··· Source material
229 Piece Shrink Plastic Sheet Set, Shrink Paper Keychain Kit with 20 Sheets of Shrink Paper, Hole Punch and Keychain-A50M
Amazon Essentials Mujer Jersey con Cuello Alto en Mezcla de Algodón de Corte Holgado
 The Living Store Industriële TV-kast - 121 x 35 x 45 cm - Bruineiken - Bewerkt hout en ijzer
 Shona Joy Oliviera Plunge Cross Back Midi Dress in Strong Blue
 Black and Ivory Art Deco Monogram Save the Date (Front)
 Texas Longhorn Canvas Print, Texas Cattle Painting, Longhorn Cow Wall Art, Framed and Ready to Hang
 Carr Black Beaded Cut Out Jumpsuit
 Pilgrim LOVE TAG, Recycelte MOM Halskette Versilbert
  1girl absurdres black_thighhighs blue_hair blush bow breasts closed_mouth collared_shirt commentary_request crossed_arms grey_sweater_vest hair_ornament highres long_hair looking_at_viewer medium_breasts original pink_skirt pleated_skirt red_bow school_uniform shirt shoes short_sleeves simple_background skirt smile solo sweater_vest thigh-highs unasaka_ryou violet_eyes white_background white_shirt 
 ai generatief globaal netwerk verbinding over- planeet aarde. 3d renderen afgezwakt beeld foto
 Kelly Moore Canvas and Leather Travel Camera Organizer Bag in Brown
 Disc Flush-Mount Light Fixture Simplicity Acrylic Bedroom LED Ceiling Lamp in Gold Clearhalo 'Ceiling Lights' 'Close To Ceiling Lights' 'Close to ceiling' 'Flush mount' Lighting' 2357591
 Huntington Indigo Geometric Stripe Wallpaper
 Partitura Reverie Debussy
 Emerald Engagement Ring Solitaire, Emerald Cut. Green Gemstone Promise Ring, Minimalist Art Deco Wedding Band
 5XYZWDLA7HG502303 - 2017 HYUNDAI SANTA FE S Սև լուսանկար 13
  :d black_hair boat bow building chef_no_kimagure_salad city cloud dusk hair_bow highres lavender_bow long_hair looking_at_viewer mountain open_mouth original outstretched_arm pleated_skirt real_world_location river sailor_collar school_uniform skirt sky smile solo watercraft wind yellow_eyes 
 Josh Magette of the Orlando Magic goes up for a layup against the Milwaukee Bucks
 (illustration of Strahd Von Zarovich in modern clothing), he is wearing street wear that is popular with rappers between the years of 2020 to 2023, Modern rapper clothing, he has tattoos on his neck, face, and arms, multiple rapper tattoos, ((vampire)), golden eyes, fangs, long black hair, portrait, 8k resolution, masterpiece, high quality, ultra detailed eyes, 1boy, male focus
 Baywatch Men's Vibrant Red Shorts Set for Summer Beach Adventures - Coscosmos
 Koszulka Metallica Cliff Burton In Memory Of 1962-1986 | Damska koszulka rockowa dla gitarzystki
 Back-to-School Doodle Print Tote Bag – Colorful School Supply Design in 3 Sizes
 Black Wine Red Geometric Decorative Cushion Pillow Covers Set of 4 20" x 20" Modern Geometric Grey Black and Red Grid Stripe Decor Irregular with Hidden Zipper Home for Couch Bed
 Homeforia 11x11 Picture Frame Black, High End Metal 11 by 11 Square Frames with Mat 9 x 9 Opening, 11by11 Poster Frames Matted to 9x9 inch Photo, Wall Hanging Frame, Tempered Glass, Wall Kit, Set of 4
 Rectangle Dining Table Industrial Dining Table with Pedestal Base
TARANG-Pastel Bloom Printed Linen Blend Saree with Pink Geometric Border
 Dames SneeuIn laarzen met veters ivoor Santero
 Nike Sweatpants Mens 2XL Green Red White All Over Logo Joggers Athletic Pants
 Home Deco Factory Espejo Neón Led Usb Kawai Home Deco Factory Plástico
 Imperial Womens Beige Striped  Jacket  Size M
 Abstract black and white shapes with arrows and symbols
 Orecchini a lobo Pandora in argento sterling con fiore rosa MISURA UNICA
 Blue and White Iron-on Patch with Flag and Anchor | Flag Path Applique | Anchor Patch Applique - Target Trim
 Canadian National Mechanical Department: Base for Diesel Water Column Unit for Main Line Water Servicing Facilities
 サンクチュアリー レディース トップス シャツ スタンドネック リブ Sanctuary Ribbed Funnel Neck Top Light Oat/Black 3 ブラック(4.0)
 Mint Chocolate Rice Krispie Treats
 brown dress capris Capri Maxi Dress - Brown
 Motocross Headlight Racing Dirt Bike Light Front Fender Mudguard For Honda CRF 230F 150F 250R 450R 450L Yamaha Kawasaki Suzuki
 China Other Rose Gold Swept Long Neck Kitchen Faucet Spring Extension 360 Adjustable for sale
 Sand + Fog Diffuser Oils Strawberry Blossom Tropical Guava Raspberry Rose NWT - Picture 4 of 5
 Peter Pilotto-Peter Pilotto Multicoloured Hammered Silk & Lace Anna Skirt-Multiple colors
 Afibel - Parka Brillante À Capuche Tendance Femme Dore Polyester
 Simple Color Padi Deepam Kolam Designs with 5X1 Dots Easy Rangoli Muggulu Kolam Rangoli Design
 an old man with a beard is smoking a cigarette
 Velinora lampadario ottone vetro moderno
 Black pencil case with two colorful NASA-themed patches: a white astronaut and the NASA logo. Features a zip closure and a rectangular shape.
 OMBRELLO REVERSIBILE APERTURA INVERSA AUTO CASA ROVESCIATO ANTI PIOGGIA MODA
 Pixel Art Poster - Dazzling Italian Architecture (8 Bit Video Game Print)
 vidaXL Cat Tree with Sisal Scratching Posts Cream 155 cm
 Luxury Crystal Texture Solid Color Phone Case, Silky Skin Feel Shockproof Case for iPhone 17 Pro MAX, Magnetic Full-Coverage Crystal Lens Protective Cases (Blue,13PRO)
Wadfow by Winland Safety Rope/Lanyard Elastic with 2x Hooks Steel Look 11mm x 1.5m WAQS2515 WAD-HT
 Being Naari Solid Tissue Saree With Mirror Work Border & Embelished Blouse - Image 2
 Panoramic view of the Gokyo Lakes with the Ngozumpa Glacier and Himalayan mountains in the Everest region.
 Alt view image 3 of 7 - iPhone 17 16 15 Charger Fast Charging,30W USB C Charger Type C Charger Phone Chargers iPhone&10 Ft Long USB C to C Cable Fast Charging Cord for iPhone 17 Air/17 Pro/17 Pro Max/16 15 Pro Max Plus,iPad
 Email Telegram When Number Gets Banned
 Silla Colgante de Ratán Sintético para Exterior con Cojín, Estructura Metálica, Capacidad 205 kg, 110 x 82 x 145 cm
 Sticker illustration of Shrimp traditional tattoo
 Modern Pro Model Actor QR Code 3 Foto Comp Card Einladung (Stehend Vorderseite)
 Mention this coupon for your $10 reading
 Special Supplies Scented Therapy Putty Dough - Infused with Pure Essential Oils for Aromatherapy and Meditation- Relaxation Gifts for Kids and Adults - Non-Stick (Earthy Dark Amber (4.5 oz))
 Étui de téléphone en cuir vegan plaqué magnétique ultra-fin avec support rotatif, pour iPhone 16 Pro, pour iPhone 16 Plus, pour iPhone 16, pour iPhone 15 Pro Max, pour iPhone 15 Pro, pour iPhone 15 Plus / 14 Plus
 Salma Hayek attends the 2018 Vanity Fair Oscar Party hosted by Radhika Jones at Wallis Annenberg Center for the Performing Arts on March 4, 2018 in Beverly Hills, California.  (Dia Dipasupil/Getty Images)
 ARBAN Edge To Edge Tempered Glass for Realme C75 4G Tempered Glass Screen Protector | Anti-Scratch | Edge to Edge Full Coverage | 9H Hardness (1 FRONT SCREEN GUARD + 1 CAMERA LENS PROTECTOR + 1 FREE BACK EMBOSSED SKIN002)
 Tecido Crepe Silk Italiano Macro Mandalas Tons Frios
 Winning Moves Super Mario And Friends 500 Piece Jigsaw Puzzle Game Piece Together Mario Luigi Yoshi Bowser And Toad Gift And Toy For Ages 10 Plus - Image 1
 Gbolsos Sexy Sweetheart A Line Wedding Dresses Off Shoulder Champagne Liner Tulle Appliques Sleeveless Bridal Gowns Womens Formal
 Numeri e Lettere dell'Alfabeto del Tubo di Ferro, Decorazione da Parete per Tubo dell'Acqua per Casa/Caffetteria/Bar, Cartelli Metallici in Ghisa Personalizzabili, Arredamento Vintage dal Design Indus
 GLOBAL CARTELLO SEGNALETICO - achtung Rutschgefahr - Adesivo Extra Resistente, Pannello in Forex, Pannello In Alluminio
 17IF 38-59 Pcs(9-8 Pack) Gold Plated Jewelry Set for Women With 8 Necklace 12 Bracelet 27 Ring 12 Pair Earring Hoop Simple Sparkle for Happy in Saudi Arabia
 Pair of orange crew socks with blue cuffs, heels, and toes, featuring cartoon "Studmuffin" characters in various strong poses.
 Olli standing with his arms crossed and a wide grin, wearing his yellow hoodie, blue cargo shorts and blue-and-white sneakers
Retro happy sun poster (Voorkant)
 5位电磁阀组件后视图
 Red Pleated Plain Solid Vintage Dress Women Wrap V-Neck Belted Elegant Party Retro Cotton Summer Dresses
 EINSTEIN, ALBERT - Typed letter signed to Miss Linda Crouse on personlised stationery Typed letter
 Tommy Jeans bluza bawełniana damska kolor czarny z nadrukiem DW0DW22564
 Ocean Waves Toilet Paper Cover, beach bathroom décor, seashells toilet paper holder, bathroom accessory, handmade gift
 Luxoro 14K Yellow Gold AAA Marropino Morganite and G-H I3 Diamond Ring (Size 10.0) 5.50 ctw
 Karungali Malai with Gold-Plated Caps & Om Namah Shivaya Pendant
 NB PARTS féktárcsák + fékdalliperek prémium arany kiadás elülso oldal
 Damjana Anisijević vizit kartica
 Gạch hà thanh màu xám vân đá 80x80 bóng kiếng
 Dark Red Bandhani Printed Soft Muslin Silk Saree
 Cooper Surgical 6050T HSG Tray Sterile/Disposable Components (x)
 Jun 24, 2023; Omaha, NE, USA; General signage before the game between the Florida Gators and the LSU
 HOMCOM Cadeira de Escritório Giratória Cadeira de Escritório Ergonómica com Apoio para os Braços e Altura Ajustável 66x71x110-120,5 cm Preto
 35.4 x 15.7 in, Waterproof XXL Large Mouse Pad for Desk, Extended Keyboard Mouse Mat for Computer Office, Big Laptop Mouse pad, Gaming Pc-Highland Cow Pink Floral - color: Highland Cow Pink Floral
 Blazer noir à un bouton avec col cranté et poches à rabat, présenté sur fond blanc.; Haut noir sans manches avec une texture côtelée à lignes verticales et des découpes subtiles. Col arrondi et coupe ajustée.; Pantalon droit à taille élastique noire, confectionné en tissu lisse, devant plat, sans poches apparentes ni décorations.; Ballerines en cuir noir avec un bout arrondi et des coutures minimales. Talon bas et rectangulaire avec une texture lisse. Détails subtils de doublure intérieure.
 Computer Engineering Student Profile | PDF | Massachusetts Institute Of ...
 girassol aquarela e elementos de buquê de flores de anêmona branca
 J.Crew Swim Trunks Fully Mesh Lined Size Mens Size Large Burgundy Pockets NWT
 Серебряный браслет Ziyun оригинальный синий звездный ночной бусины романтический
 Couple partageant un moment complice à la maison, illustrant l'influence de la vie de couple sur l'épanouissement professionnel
······
# [Problem to work on]
Copy down every line of the entries containing the word "Dresses".

# [Solution to this exercise]
 Gbolsos Sexy Sweetheart A Line Wedding Dresses Off Shoulder Champagne Liner Tulle Appliques Sleeveless Bridal Gowns Womens Formal
 Red Pleated Plain Solid Vintage Dress Women Wrap V-Neck Belted Elegant Party Retro Cotton Summer Dresses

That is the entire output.